Intanto, eccoci giunti a Largo Passamonti.

Giulio è invaso dalla nostalgia. Almeno credo. Ha gli occhi lucidi.

«Anche questa volta la vacanza si conclude. Un intero raggio interstiziale di lavoro, e poi dura tutto così poco».

«Cioè, voi lavorate ‘sto raggio interstiziale, che dura i nostri cinquant’anni, per un’ora di vacanza?» Annuisce. «Cazzo, pure voi a sindacati state messi malissimo».

Non coglie la battuta.

Siamo arrivati. Incredibile gli scherzi che sa fare il tempo.

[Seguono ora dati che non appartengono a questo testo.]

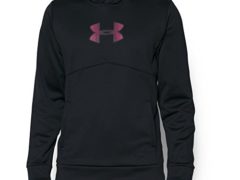 Under Armour Men's Storm Icon Logo Hoodie, Black/Tropic Pink, Medium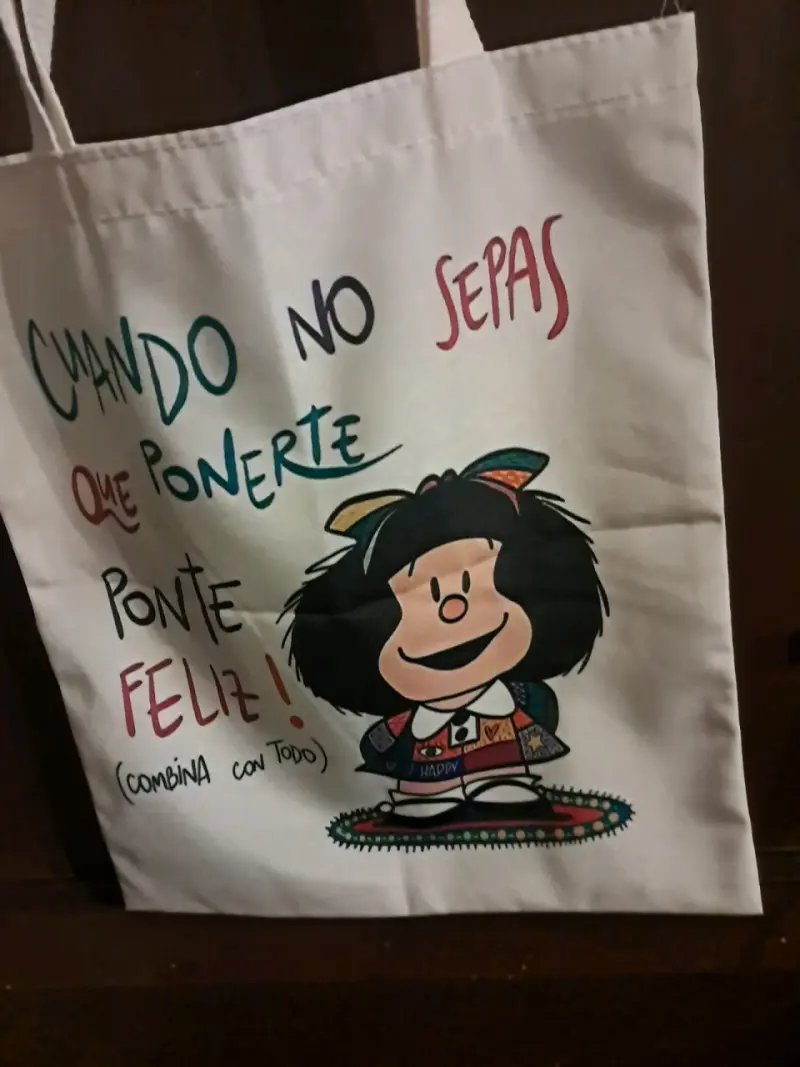 Bolsa de tela con diseño de Mafalda - 1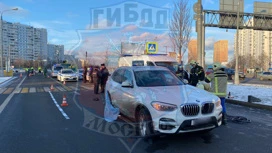 Водитель BMW насмерть сбил женщину на юге Москвы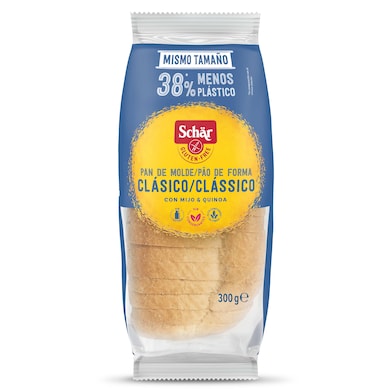 Pan de molde sin gluten Dr. Schar 300 g-0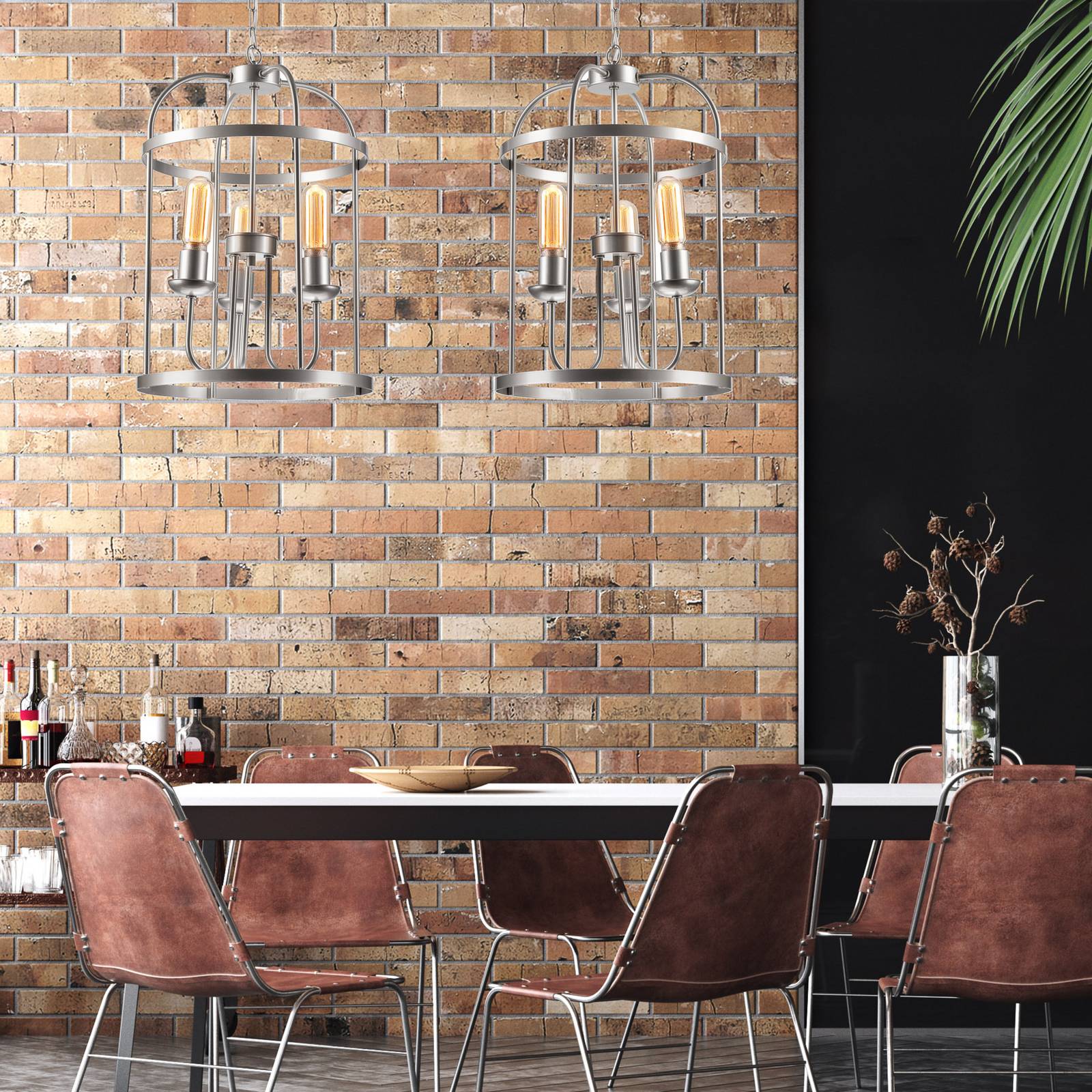 Kronleuchter Constantine Lamkur, dimmbar, alu / grau / zink, für Wohn- / Esszimmer, Metall, Kronleuchter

Mi ero affezionato a Giulio, anche fosse solo un parto di una patologia non meglio identificata.

«Non sei stato un grande raccontatore, tornerò alla mia vita senza aver compreso veramente il vostro presente». Faccio spallucce: «Nemmeno noi se è per questo, è che è proprio confuso di suo».

Giulio scende, appena mette piede a terra la sua nave interstellare si accende.

«Ciao Daniele. Buona fortuna».

«Ciao Giulio, venuto dallo spazio, buona fortuna a te».

«Tutte le civiltà si concedono la speranza di una vita oltre la morte. Prima abbiamo nominato la civiltà greca. Non posso dirti che ci rivedremo ai Campi elisi. Noi abbiamo sconfitto la morte».

Ci salutiamo così. Giulio monta sulla sua ammiraglia spaziale. Non faccio in tempo a dire né a pensare nulla che il raggio di luce lo aspira verso l’alto. Sparisce in un battito di ciglia.

Riparto, mentre nella mente continuano a ripetersi le parole del mio ospite speciale: «Noi abbiamo sconfitto la morte» inseguite dalle mie, non dette: «tacci tua e nun me dici niente?»